それまでの間、私たち観客・聴衆は、事業者や音楽家たちがウェブ上で展開しているさまざまな取り組みを通じて音楽を楽しむことに加えて、既存の映像ソフトやCDなどに普段よりもジックリと向き合って音楽芸術に対する理解を深めていきたいものである。

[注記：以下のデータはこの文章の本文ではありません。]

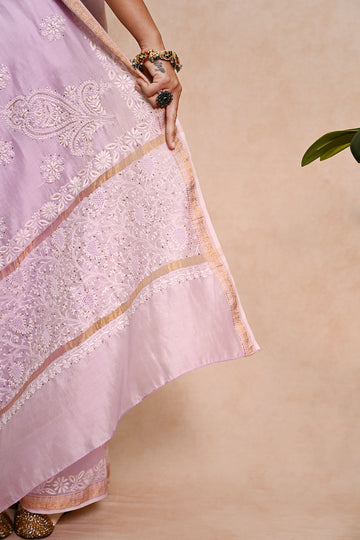 Lavender Chanderi Chikankari Saree with Zari Border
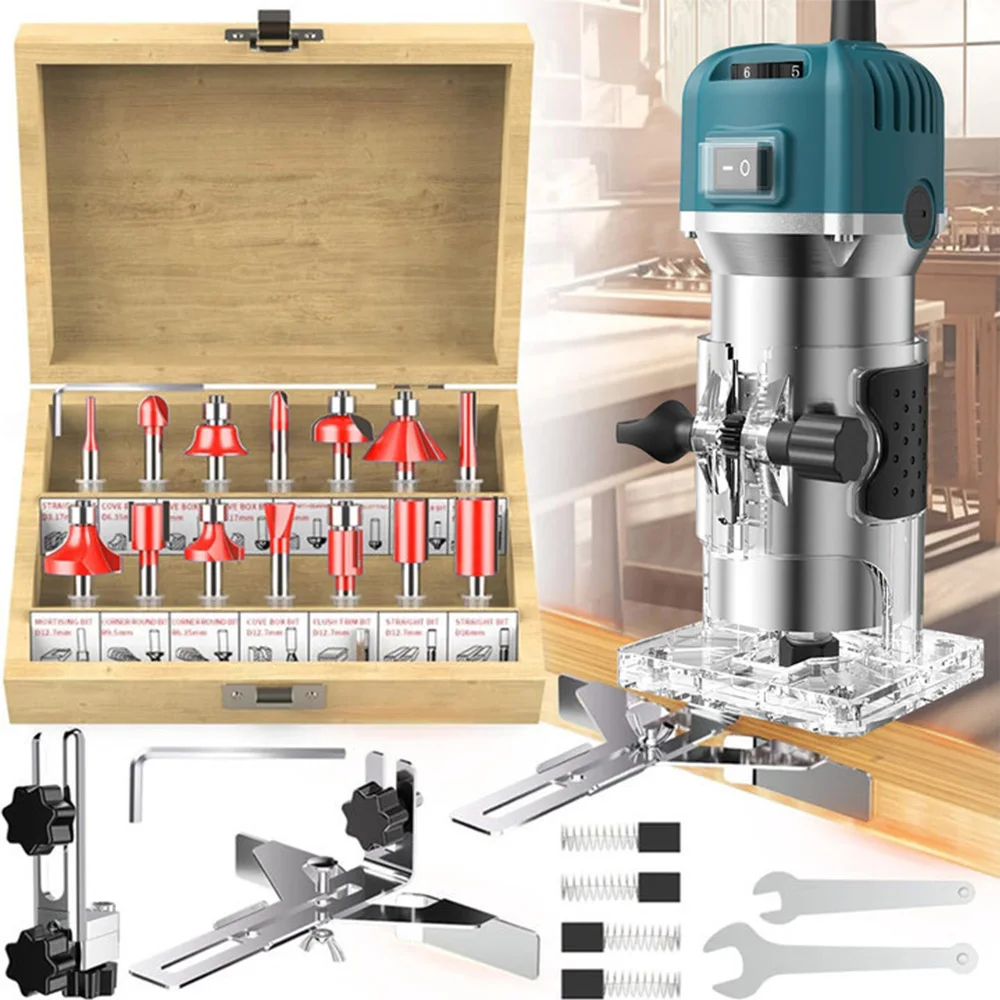 800 W elektrischer Trimmer, 6 Geschwindigkeiten, 30.000 U/min, Holzbearbeitungs-Trimmmaschine, Holzfräse, Fräsen, Gravieren, Schlitzmaschine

そこで最近の新譜CDの中からいくつかをピックアップして紹介したい。今年はベートーヴェン生誕250年のメモリアル・イヤー。それにちなんだソフトも数多くリリースされているが、筆者が今、注目しているのはユニバーサル・ミュージックから順次リリースされている、往年の巨匠によるベートーヴェン演奏を最新のデジタル技術を駆使してリマスターしたSA-CD(スーパーオーディオ)のシリーズである。これはドイツ・グラモフォンの音源を加工しているもので、壮年期のヘルベルト・フォン・カラヤンの交響曲全集や序曲集、ヴィルヘルム・バックハウスによるピアノ・ソナタ全集、ヴィルヘルム・ケンプのピアノ協奏曲全集などのタイトルが発売されている。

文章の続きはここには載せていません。